The parties also submitted written submissions, reinforcing the same theses they defended, one in the Petition and the other in the Response, adding no new arguments or facts, except what relates to the amendment introduced to the IRC Code by the State Budget for 2016, with the addition of No. 21 to Article 88 of the IRC Code, as well as its Article 135, which establishes that "The wording given by this law to No. 6 of Article 51, to No. 15 of Article 83, to No. 1 of Article 84, to Nos. 20 and 21 of Article 88 and to No. 8 of Article 117 of the IRC Code is interpretative in nature."
V – THE PETITION
The subject of this petition is the arbitral ruling on the legal possibility of deducting the amount of special estimated payments (SEP), against the value of the tax collected from autonomous taxation determined in the self-assessment of IRC for the tax year.
That is, "is the amount of IRC advanced as special estimated payment deductible from the tax collected from autonomous taxation in IRC"?
The question of deductions to the tax collected in the assessment of autonomous taxation has already been addressed in various decisions issued by CAAD for some time, mainly regarding the deduction of tax benefits and the deduction of special estimated payments in IRC from the tax collected from autonomous taxation.

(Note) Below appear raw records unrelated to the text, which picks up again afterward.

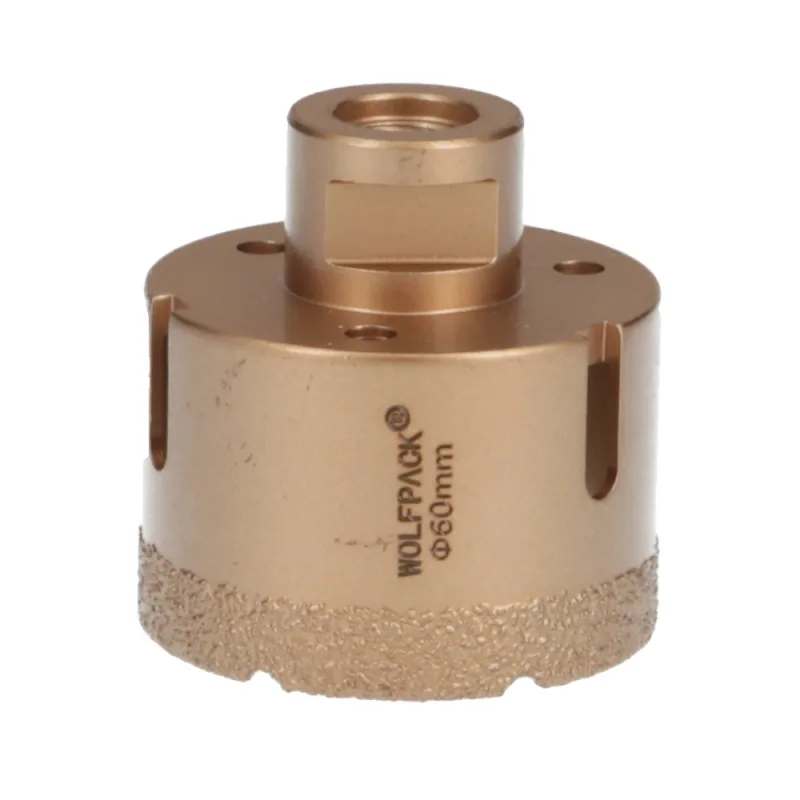 WOLFPACK LINEA PROFESIONAL - Corona Diamante Para Amoladora Ø 60 mm. Conexión Rosca M14. Corte Seco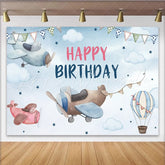 Lofaris Watercolor Airplane Birthday Backdrop Hot Air Balloon and Cloud Sky Party Background for Boys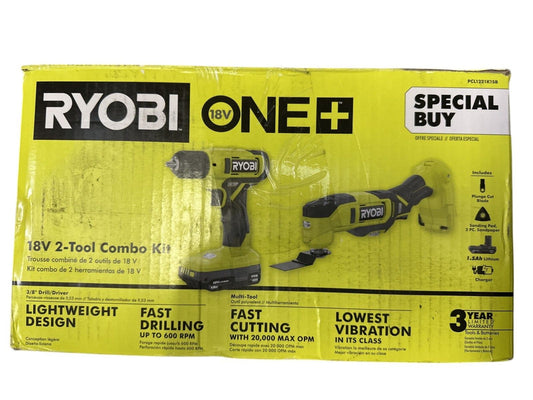 Ryobi PCL1221K1SB 18v 2-Tool Cordless Multi-Tool & 3/8" Drill w/ Battery/Charger
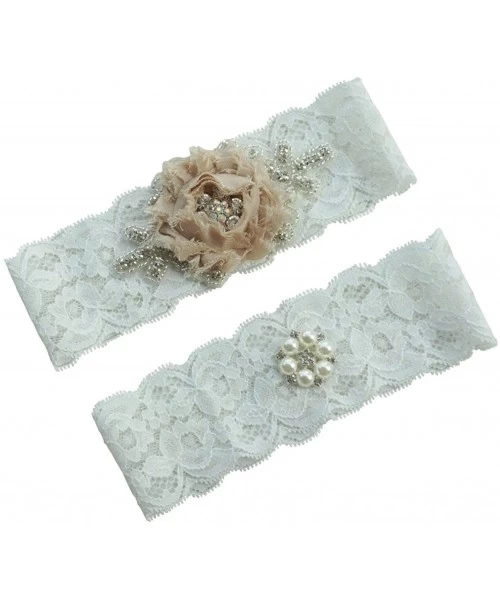 Garters & Garter Belts Women's Lace Edge Lace Bridal Garters Wedding Garters with Pearl - Champagne - CK186TQGMQZ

The established jurisprudence has been consistent in holding that amounts relating to tax benefits are deductible from the tax collected from autonomous taxation, as is the case of SIFIDE or CFEI, given their respective legal nature resulting from the provision of Article 2 of the Tax Benefits Statute, since these are "measures of an exceptional nature instituted to protect relevant extraterritorial public interests that are superior to those of the tax itself that prevents them".
With respect to SEPs, the sense of arbitral decisions initially had the same direction, but, for some time now, the jurisprudential orientation points to the fact that there is no illegality in the self-assessment in which the value of SEPs borne in the same tax year could not be deducted from the tax collected from autonomous taxation.
The undersigned has already taken a position on the matter in proceeding 670/2015-T, following the thesis that argues that SEPs are not deductible from the value of the tax collected from autonomous taxation determined in a given tax year. The decision had a dissenting vote. The arguments more recently expressed in Judgments No. 113/2015-T, 535/2015-T and 673/2015-T were decisive for personal conviction.
In fact, today both the TA and the Petitioner understand that, in the sense, moreover, of the arbitral jurisprudence cited, the assessment of IRC resulting from Article 90 unequivocally includes autonomous taxation, particularly because if this were not the case "there would be no norm providing for its assessment, which would lead to illegality, by violation of Article 103, No. 3, of the CRP, which requires that the assessment of taxes be done 'under the terms of the law'".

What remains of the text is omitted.